Unhappiness comes to leaders through many channels but one main source.

Channels of unhappiness:

  1. Pissing on everything. When everything is a pissing contest, you live in constant need to outdo others. Ultimately, you’re surrounded with inferior people.
  2. Needing to please people. Pleasers are miserable.
  3. Pursuing happiness. Research shows the pursuit of happiness makes you unhappy. Happy people pursue meaningful service.
  4. Being surrounded by ‘idiots’. Feelings of superiority create unhappiness. No one’s ever good enough.
  5. Feeling misunderstood and underappreciated. Successful leaders understand and appreciate others.
  6. Trying to control that which you can’t control. Control freaks are unhappy or isolated.
  7. Judging quickly. Judgmental people love to not-like and default to NO.

Leadership unhappiness traces back to ego.

To be specific, unhappiness traces back to TOO MUCH EGO. Egoless leadership is a myth.

Humility and happiness:

Ajay Banga, the CEO of MasterCard, was asked why he succeeded in his career.

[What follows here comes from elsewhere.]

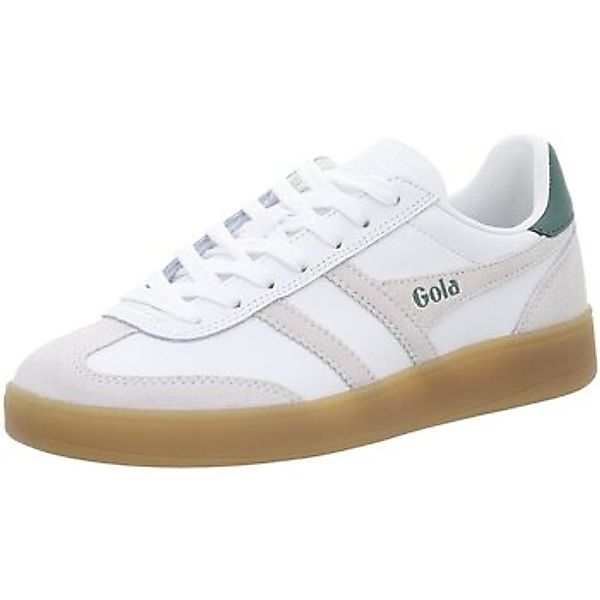 Gola  Sneaker CLB744-WW günstig online kaufen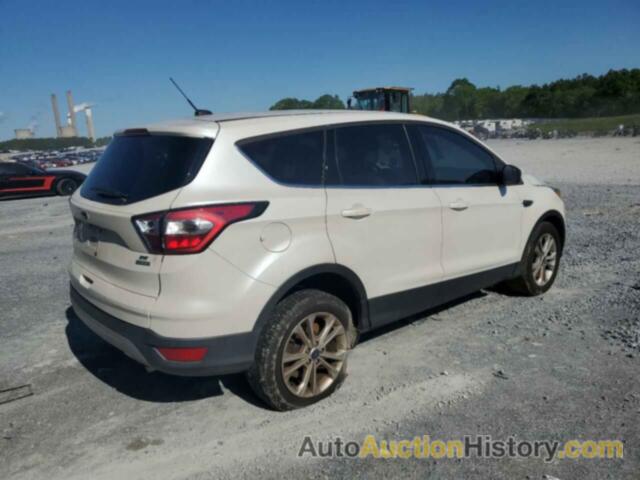 FORD ESCAPE SE, 1FMCU0GD1HUC37686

“I would think humility is a big part of it. If you’re not willing to learn from people and adapt and adjust and progress in your mind, you can’t be in a company like this and succeed. … I think you can be successful without humility but you won’t enjoy it as much.”


  1. Doesn’t need the approval of others. You can’t push around humble leaders, but ego is easily manipulated.
  2. Connects. All true connection requires humility.
  3. Accepts people. If you want to help people grow, accept them. There’s a difference between acceptance and approval.
  4. Shows honor. Dishonor sucks the life out of your team. Once teammates feel dishonored, they engage in self-destructive behaviors to punish those who dishonored them.
  5. Serves something bigger than itself. Ego requires self-service.

Humility frees leaders to be happy.

The only cure for egotistical leadership is the practice of humility. Thankfully, you don’t have to feel humble to practice humility.

How might leaders practice humility in small ways today?